Thursday, August 29, 2019

Ongoing notes: late August, 2019


Where has it all gone? I feel like summer barely began.

Here's what the young ladies looked like a week-plus ago, with Clare Latremouille's horses.

Northampton MA: Zoe Tuck was good enough to send along a copy of her recent chapbook Soft Investigations (Daily Mayhem Books, 2019), a small collection made up of the prose/essay-poem “[Typical Trans Kenkyusha Sortes]” (a piece that won the Stacy Doris Prize and first appeared in Fourteen Hills: The SFSU Review), the extended/fragmented lyric “Fly into a page,” and the lyric accumulation “Friday 19 April 2019.” The first piece really struck my attention for how she manages to weave together references to Community, Robert Duncan, Berkeley Breathed, Roland Barthes and Italo Calvino’s Invisible Cities, among others, in a way that plays with multiple directions, odd connections and the direct line of thought. As she writes:

I don’t want to be lonely, even in my poems—especially in my poems, so I started to fill them with quotes from other artists. Didn’t you know that was coming next? Like when Troy in “Community” says that he gets lonely in the shower. That’s when I listen to podcasts about the death of the author or dance in translation and I struggle to make out the tinny sound of my phones speaker over the whirr of the ventilation fan while I lather my armpits with peppermint soap.

The other day I decided that I would hold up Roland Barthes as my model because he’s smart and he writes purdy. And who hates Roland Barthes? Aside from that New Yorker reviewer with the bee in his bonnet (you have read 1 of 4 free articles for this month).

2 and a half years of grad school and I still don’t want to be a man and something vague about phenomenology.

San Francisco CA: I only discovered recently that Canadian poet Lisa Robertson had a chapbook out with American publisher Krupskaya, her Starlings (2017). Starlings is a suite of poems that is “one part of wide rime,” a project that, as her author biography writes, “is her ongoing lyric study of troubadour poetics.” Did I mention that the thirty-page chapbook is also available online through their website as a free pdf download?

Yesterday I cried. It was artless and good.

Spring has its own agony, truly

It involves convolution

For the nudity of one kiss

Joy suffers measure

How tiring it is to disagree with everything!

Then we go visiting, throw our tender runners

Over forest-rim

Starlings. We are breaking into a vast derelict space.

We are the Starling scene in Sterne’s Sentimental Journey.

A caged Starling is repeating in the voice of a Child “I cannot get out.”

I’m fascinated by Roberston’s exploration into some of the origins of contemporary lyric through the tradition of the troubadour, something that easily links to her earlier work on the pastoral, but one that isn’t always explored by those engaged with more experimental types of writing.

some were at the edge of language to

couldn’t live.

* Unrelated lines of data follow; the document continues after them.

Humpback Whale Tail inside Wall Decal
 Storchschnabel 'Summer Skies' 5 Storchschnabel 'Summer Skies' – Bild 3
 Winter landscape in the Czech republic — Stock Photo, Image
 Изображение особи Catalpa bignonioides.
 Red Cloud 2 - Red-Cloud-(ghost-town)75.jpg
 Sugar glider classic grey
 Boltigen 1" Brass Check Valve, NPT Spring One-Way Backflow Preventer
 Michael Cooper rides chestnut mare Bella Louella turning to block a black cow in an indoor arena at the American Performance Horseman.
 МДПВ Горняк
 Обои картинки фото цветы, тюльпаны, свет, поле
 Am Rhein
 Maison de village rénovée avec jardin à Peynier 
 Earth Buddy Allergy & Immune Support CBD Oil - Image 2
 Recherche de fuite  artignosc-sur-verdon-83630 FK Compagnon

Some were at the core of

language so couldn’t live either. What if

we forget about language, move into

the natural history of the idea

of guts? Guts or rosewater, very

similar. Rosewater or rime. Uncountrying

by means of rosewater. To make a natural history

of rosewater, penetrate

borders

San Francisco/Santa Barbara CA: The first I’ve seen by Santa Barbara poet, editor and country singer Julian Talamantez Brolaski is the chapbook JULIAN (Krupskaya, 2017), clearly missing out on numerous full-length titles, including gowanus atropolis (Ugly Duckling Presse, 2011), Advice for Lovers (2012) and Of Mongrelitude (Wave Books, 2017). There is some thoughtful play in the language of Brolanski’s poems, composing direct statements that shift, switch, bait and twist, including the poem “butterflies are stupid,” the title of which caught my attention immediately:

a butterfly is an example of an idiotic image
not one to idolatrize
they are former worms I guess, not-worms
I was telling nick yesterday about the dangers of idolatry
I gave the example of a butterly like
oh I saw a butterfly you saw a butterfly isnt it magical like
making fun of myself
then I gave another example to holi over coffee at the good earth
he “often” talks about tattoos people shouldn’t get
especially if they don’t have any tattoos yet
I said yeah like a butterfly on your neck
he said oh weird you say so the lyft driver I had yesterday had a butterfly
tattooed on his neck, here, he indicated the throte
and no other tattoos at all at all
then for some reason I was moved to tell you my own
story about the butterfly landing on me
again and again while I was in a patch of sun and outlifted my limbs
I compared it to the rat-dove and its wing
that literally swept over me touched my head touched my hair
like beaudelaire’s wind of the wing of madness
the word he uses is ‘I’imbécilité’  it turns out
the wind of the wing of imbecility or idiocy
but a butterfly is an example of a thing not to idolatrize

___


(wrong [upward arrow emoji]
but you can tell i kind of know it
hypocrite   like vernon telling of his vision
flying above all the other little christians at the campfire
just dying in retrospect in his own way to be proved wrong)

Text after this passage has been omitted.